Travaux préparatoires on Article XVI
A. Draft Convention on the Recognition and Enforcement of Foreign Arbitral Awards and Comments by Governments and Organizations
A.1. ECOSOC: Report of the Committee on the Enforcement of Foreign Arbitral Awards: 18 March 1955
A.2. Comments by Governments and Organisations on the Draft Convention on the Recognition and Enforcement of Foreign Arbitral Awards: January 1956 - March 1958
B. United Nations Conference On International Commercial Arbitration: Documents
B.10. Text of Articles Adopted by the Conference: 4-6 June 1958
B.11. Text of the Convention on the Recognition and Enforcement of Foreign Arbitral Awards as Provisionally Approved by Drafting Committee 6-9 June 1958
B.14. Final Act and Convention on the Recognition and Enforcement of Foreign Arbitral Awards
C. Summary Records of the United Nations Conference on International Commercial Arbitration, New York, 20 May - 10 June 1958
1. Article XVI provides that Chinese, English, French, Russian and Spanish – the official languages of the United Nations at the time of the preparation of the Convention – are the authentic languages of the Convention and are to be considered equally authoritative. The Convention does not include provision on how to address situations of diverging language versions.
2. Although some commentators have identified potential differences between the authentic versions of the Convention,1 none of the reported cases have discussed the matter of divergent language versions.
1. See, e.g., Dorothee Schramm, Elliott Geisinger et al., Article XVI, in RECOGNITION AND ENFORCEMENT OF FOREIGN ARBITRAL AWARDS: A GLOBAL COMMENTARY ON THE NEW YORK CONVENTION 555, at 556 (H. Kronke, P. Nacimiento, D. Otto, N.C. Port eds., 2010).
3. In case an ambiguity would exist in one of the authentic language versions of the Convention, courts could normally apply the rules of interpretation provided in the Vienna Convention on the Law of Treaties of 1969. Pursuant to Articles 31 and 32 of the Vienna Convention, “[a] treaty shall be interpreted in good faith in accordance with the ordinary meaning to be given to the terms of the treaty in their context and in the light of its object and purpose” and “[r]ecourse may be had to supplementary means of interpretation, including the preparatory work of the treaty and the circumstances of its conclusion, in order to confirm the meaning resulting from the application of article 31”.
4. In Kahn Lucas Lancaster Inc. v.

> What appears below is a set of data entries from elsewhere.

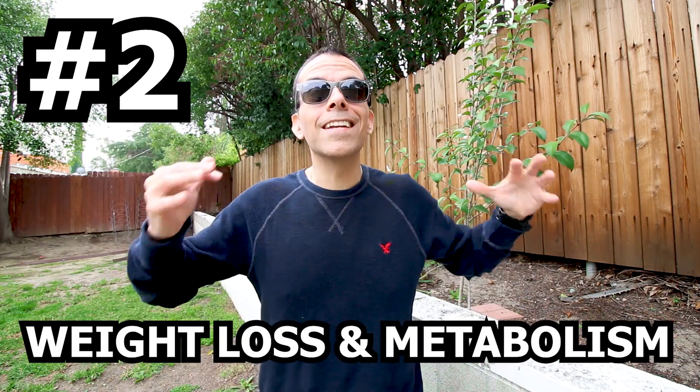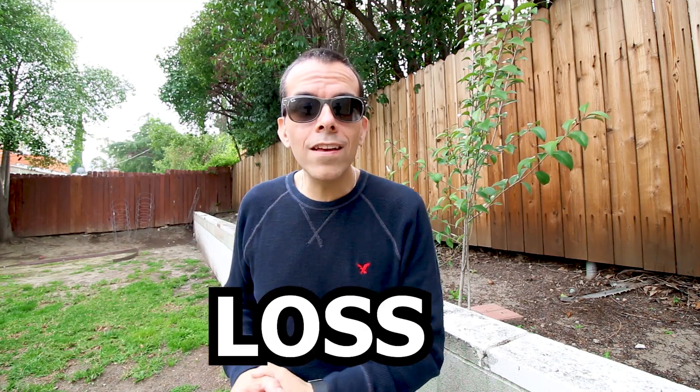Number two: weight loss and metabolism — I included both of these benefits together. Studies have shown that cayenne pepper can help with weight loss, especially when consuming it in the morning for breakfast, as it can help lower your appetite during the day so you consume fewer calories. Cayenne pepper can also boost your metabolism and aid in burning excess fat.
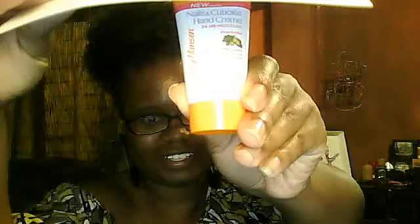The next product is Sally Hansen's Nails and Cuticles Hand Cream for 24-hour moisture. It's so bright! You can see it a little bit better now. What's going to be really interesting about this one is that it says it can even last between a few hand washings, and that's one of my biggest issues. So I'm really excited about reviewing this one.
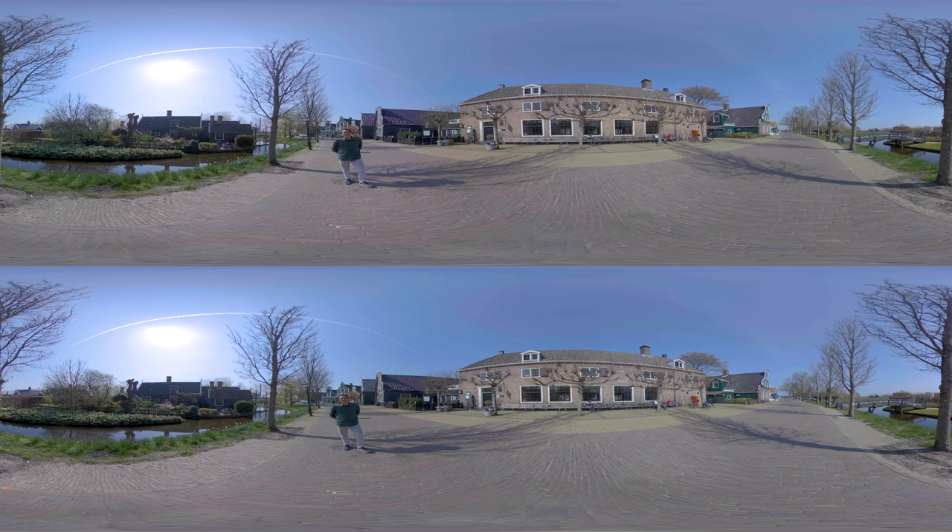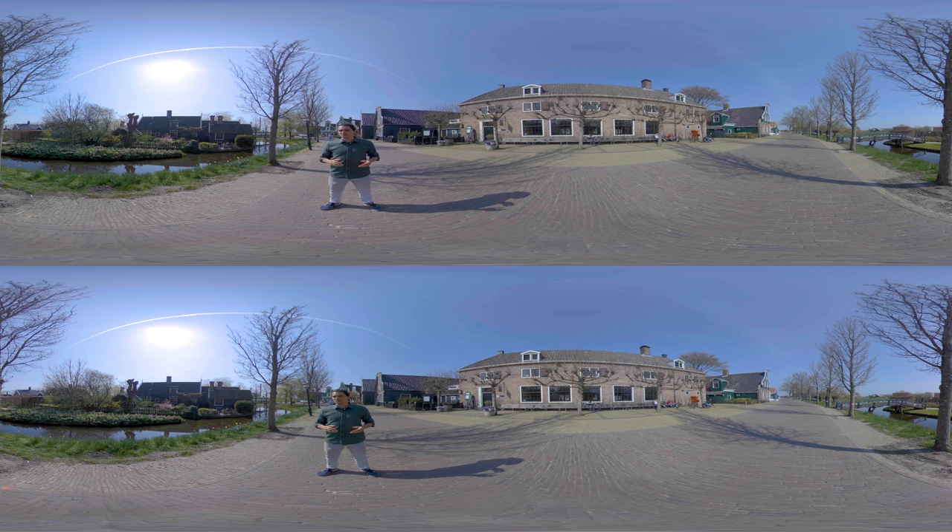One of the cool things about Zaanseschans is that the houses are actually still inhabited by people. So it's not like we're in a museum — there are families really living here. And that's not just the case for the houses, but also the majority of windmills are still inhabited. So let's find out.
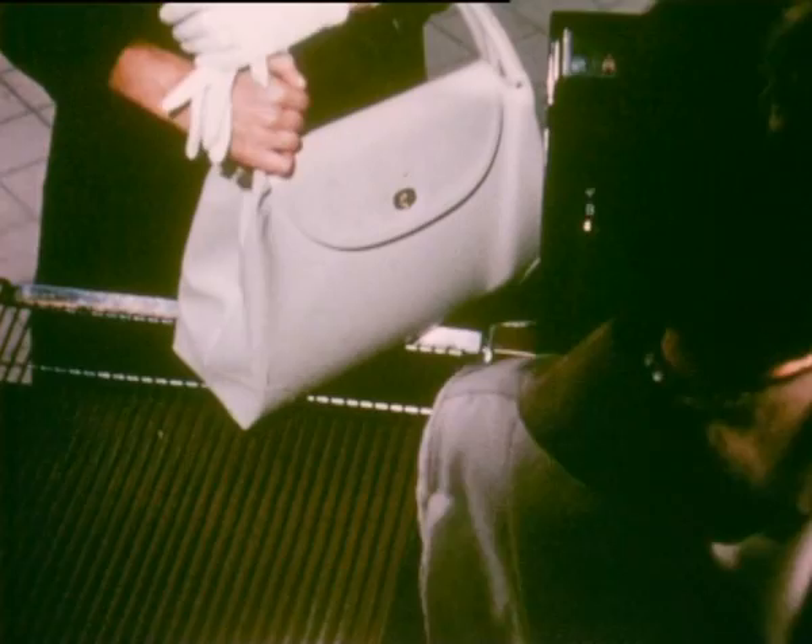Your arms must get very weary lifting all these heavy bags, I suppose. Well, it's not a rest cure. On a Saturday like this, we handle about two tons of goods. It sounds fantastic, but I can see it's true.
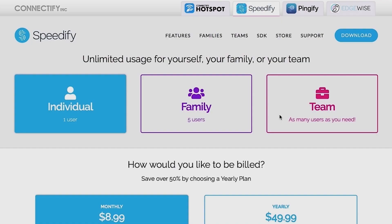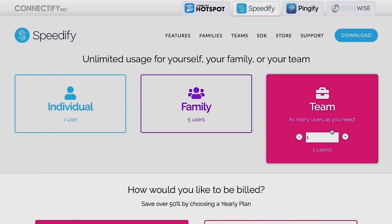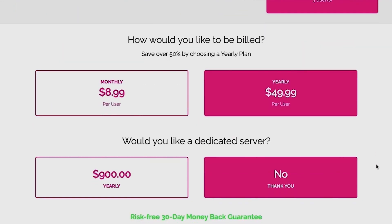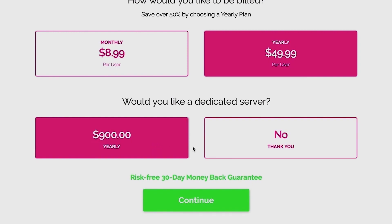To get a dedicated VPN server with Speedify, go to the Speedify store page on our website — I'll put a link in the description. Select the team account type and fill in how many users you need. Choose a billing cycle; we recommend the yearly plan because it'll save you more than 50% compared to the monthly plan. Finally, make sure you select the dedicated server option and complete the payment for the subscription plan.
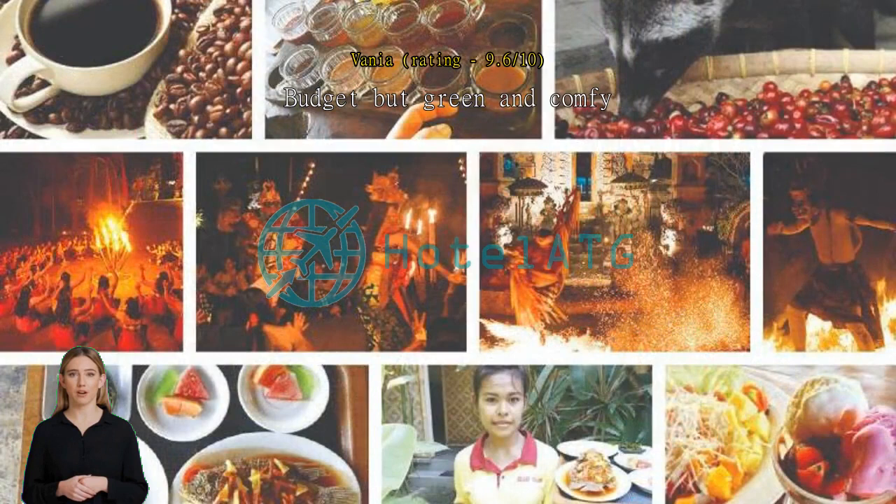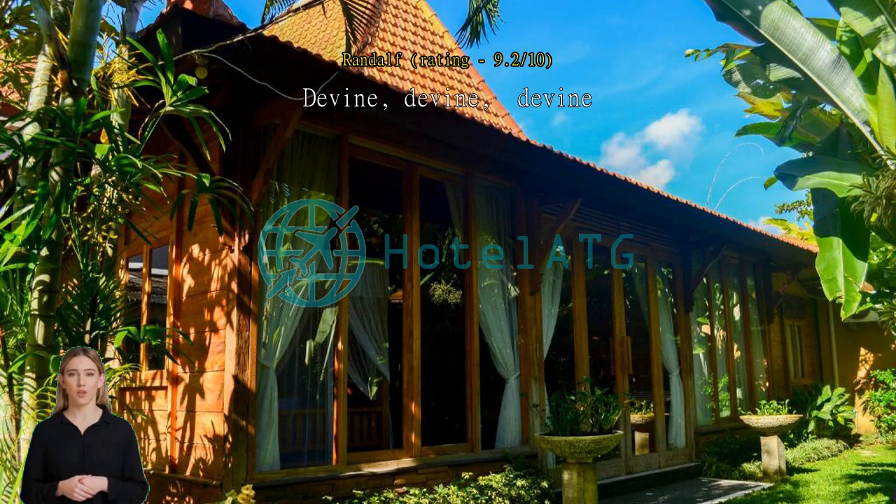A quaint oasis in the heart of Denpasar. Gorgeous — divine pool, beautiful garden setting with an amazing artist at work on site. Cannot wish for better. Love this hidden gem.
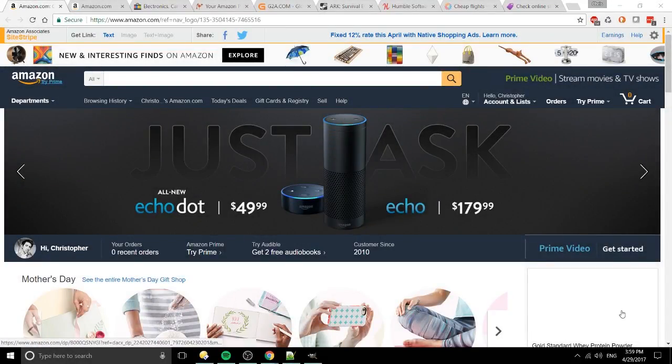Hello everybody, Chris here. In this video I want to give you an all-in-one guide to saving money online and not getting screwed over by bad deals. We're going to be talking about a variety of different sites where you can get good deals, and use to compare prices across different sites so that you're sure you're getting the best bang for your buck.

Lark International Ltd., the United States Court of Appeals for the Second Circuit relied on the versions of the Convention listed in article XVI to assist it in interpreting the meaning of article II(2). In addition to its textual analysis of the English-language version, the Court reviewed article II(2) in each of the four other languages deemed to be authentic (i.e. Chinese, French, Russian and Spanish).2 The Court concluded that like the English version, the French, Spanish and Chinese versions of article II(2) suggest that regardless of whether an agreement to arbitrate is found in an arbitration clause in a contract or as a separate arbitration agreement, it must be signed by the parties or contained in an exchange of letters. The Court stated that it was “reluctant to allow the seemingly contradictory Russian language version to dictate a different result. This is particularly so in light of the stated purposes of the Convention, one of which is to ‘unify the standards by which agreements to arbitrate are observed and arbitral awards are enforced in the signatory countries.’” The Court’s interpretation of article II(2) was confirmed by the drafting and legislative history of this provision.